Welcome back to the Monster Fight Club, where our resident alien, the Blob, takes on some of the baddest monsters known to humankind (and not so kind) in our second Fight Club match-up. If you recall the first faceoff, the Blob handily defeated the dreaded Alien in only one round of combat. For the next bout of this monster melee, the champion Blob will take on the latest contender, Pennywise the Dancing Clown, from Stephen King’s It. Can the Dancing Clown’s fancy footwork outsmart…or outrun our beloved Blob?
Let’s find out.
Pennywise’s Stats
Breakout Performance: Pennywise the Dancing Clown first struck fear into the hearts of the child in all of us when he first appeared in Stephen King’s 1986 horror novel It. The novel was soon made into a successful TV miniseries starring The Rocky Horror Show’s Tim Curry as Pennywise. Almost two decades later, It made it onto the big screen twice with two hit films, It in 2017 and its follow-up, It Chapter Two in 2019--both with Bill Skarsgard as the evil shapeshifting monster.
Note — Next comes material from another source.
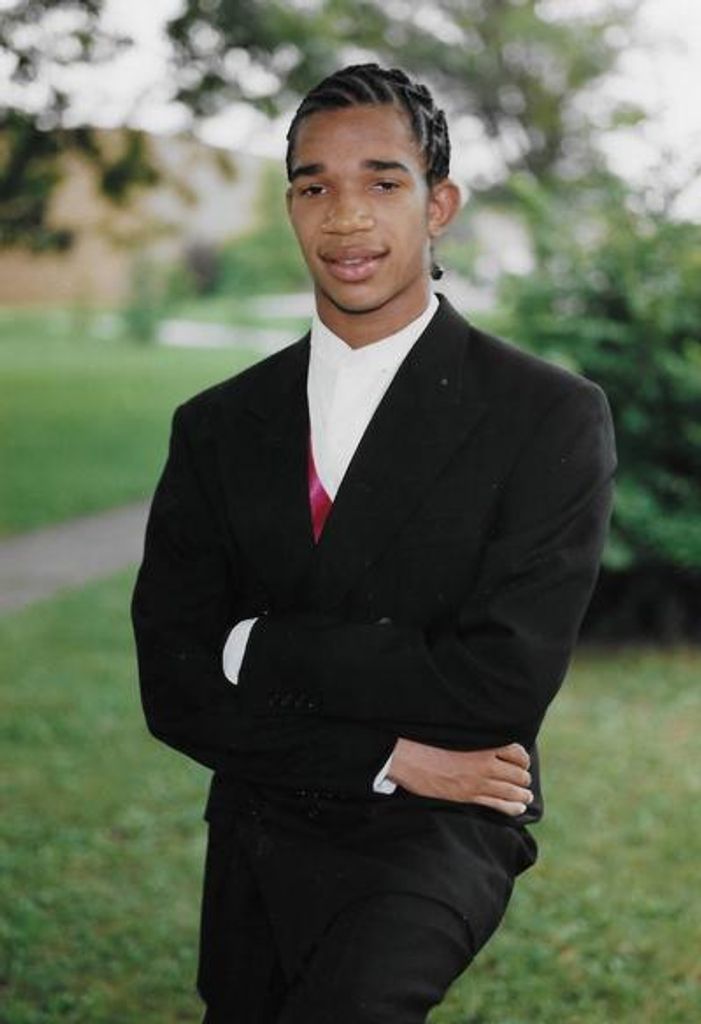 Jushun Edward Stricklin Profile Photo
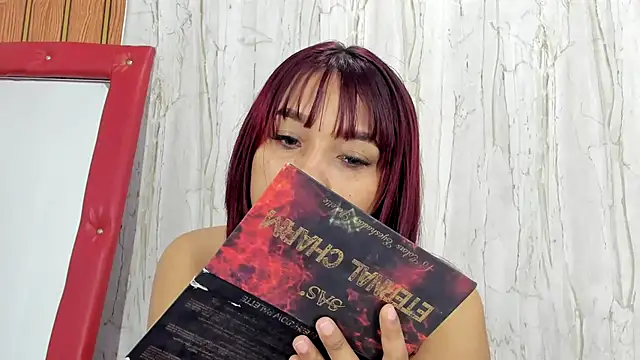 luisabecker  online show from November 2025 01:50:01 PM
Vehicle: The monster known as Pennywise the Dancing Clown originated in the Macroverse, “a void that contains and surrounds the Universe.” IT landed on earth in prehistoric times during an asteroid storm and settled in underneath the land that would eventually become Derry, Maine. Upon arrival in his new home, the monster immediately went into a state of hibernation.
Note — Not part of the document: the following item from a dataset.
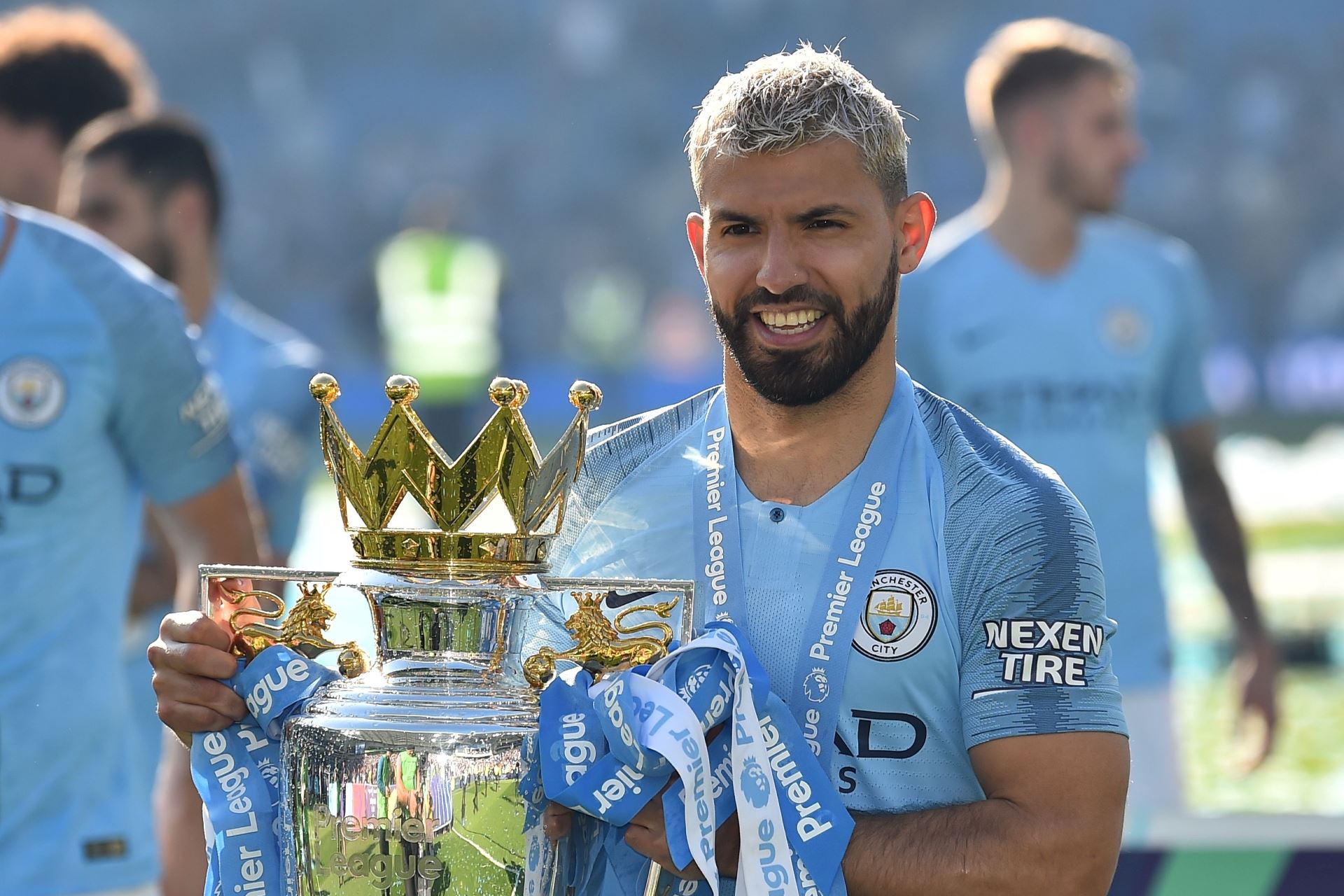 sergio aguero forced into retirement at just 33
Description: IT is an alien monster that has the capability of changing shape. As a shapeshifter, IT will take on the appearance of whatever it is that people fear the most. The creature usually takes the form of Pennywise the Dancing Clown, because that is what terrifies the children of Derry, Maine. According to Wikipedia, King said in a 2013 interview that he came up with the idea for Pennywise after asking himself “what scared children more than anything else in the world,” and he believed that the answer was clowns. But IT can take on any shape it desires and has also been spotted as a monstrous giant spider. IT’s actual appearance, however, is described by Bill Denbrough, a member of the Loser’s Club, “as a mass of swirling destructive orange lights known as ‘deadlights,’ which inflict insanity or death on any living being that directly stares into them.”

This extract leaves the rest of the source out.